Sie haben gelesen, daß die deutsche Bevölkerung – im Westen wie im Osten – sich ganz außergewöhnlich gleicht. Um es einfacher zu sagen – es sind Deutsche. Selbstverständlich gibt es nationale Minderheiten: Dänen an der dänischen Grenze, Holländer nahe den Niederlanden, eine klägliche Anzahl von vor und während des II. Weltkrieges am Leben gebliebenen jüdischen Familien und, natürlich, Zigeuner ...

Nichts haben wir dagegen von den Gastarbeitern, hauptsächlich aus der Türkei, Griechenland, Jugoslawien, gehört. Aber das sind doch Gäste, nur vorübergehende Bevölkerung ... Möglicherweise dachten so auch die Deutschen. Ich weiß nicht, ob sie sich da verrechnet haben oder nicht, jedenfalls war es nicht so – das ist sicher.

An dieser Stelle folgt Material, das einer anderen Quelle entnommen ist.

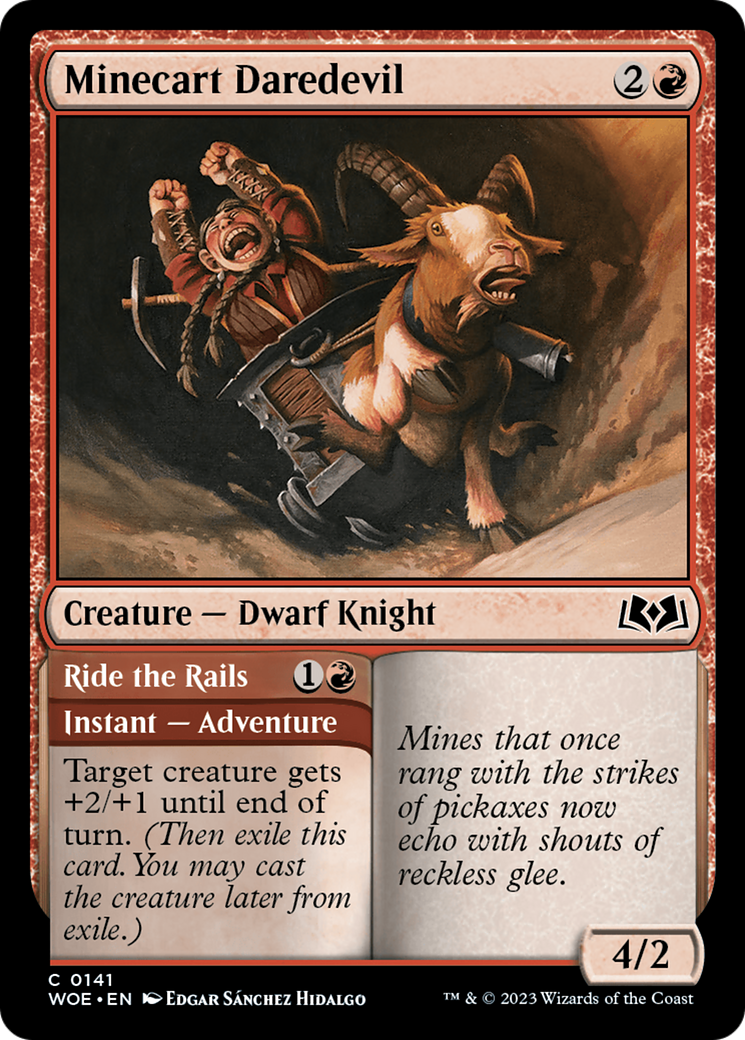Minecart Daredevil // Ride the Rails [Wilds of Eldraine] | GnG Games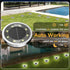 Solar Ground Lights,16 Pack Solar Lights Outdoor Waterproof, Solar Garden Lights Landscape Lighting for Patio Pathway Lawn Yard Deck Driveway Walkway, Cold White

Das Straßenbild in den deutschen Städten ist schockierend bunt – wie in Paris.

In den ersten Tagen deines Aufenthaltes erklärst du dir die Buntheit noch ganz einfach – das sind Touristen. Aber schnell sonderst du die Touristen aus und unterscheidest sie von den anderen: viele von ihnen gehen in Gruppen, jeder zweite hat einen Fotoapparat oder eine Videokamera in der Hand, fast jeder – blickt nach oben, dreht sich um seine eigene Achse und schaut umher ...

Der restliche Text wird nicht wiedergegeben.